Indeed, hinting at the prevalence of widespread corruption, the contract seems to promise few returns for the government of Sierra Leone itself. Socfin will pay no corporate taxes for the next 10 years and a mere 25-percent rate for the subsequent 40 years at least. Because farmers in the region never relied on land deeds or legal markings to demarcate their property prior to the Socfin land agreement, Socfin has given landowners neither receipts nor any other documentation to confirm the acreage rented or compensation given to local landowners. "The long length of the lease,” concludes the Oakland Institute, “together with the lack of proper documentation and marking is likely to make the lease permanent."
Reports of appalling working conditions at Socfin sites are common across Africa and Asia. Sierra Leone is no exception, with reports surfacing of “near-slavery conditions.” Laborers work six days a week and are given one daily half-hour lunch break. One interviewee claimed that an entire day's wage would be withheld if a worker returned 10 minutes late from lunch. Workers make less than $2.25 a day and are provided with no medical coverage, even for on-the-job injuries.
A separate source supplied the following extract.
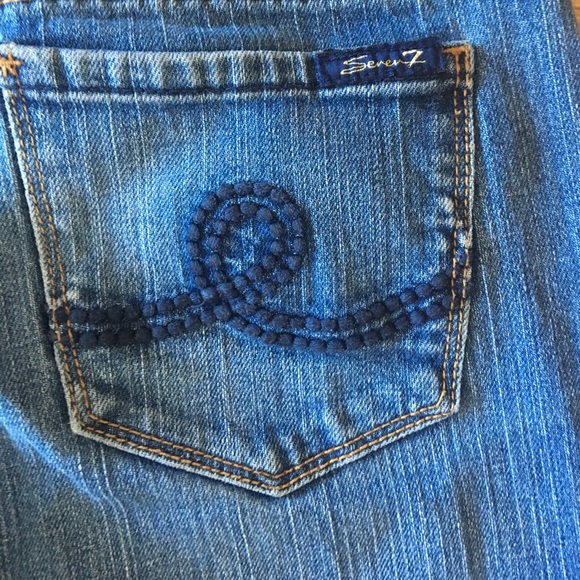 Ladies sz 27 SEVEN jeans SEXY low rise bootcut - Picture 3 of 7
Finally, the agreement signed by Socfin and the government of Sierra Leone entails some deplorable environmental addendums. The memorandum of understanding signed by the government affords Socfin unlimited water access, stating that “there will be no restriction on the volume of water extracted by SAC [Socfin] from rivers, other watercourses, wells and boreholes.” Socfin also secured a very low price for water use and didn’t bother to establish a method of measuring the amount it consumes. Socfin has essentially absorbed vital resources for corporate exploitation with complete disregard for the local populations who have depended on these resources for generations.
Additionally, monocropping — the large-scale agribusiness model that is Socfin’s hallmark — can have drastic effects on the environment by upsetting the balance maintained in more varied ecosystems. These radical transformations threaten native species of plants and animals.
Reclaiming the Process
At the beginning of April, the local NGO Green Scenery partnered with the newly established Sierra Leone Network on the Right to Land to host over 100 land rights activists and farmers affected by these aggressive territorial purchases. The conference recommended that the government review all recent contracts and territorial agreements.
The groups hoped that banding together would enable them to combat the powerful influence that multinational corporations like Socfin SL often have over small states like Sierra Leone. The Guardian reported that the gathering also produced a new civil society watchdog group to monitor agribusiness investments.
The landowners and laborers are fighting to make their voices heard. In the meantime, it appears that "the 15" will have to rely heavily on their local support and assistance from international human rights organizations like the Oakland Institute and Oxfam as they take on some of the world's most powerful agricultural tycoons. The evidence is clearly in their favor, even if the politics are not.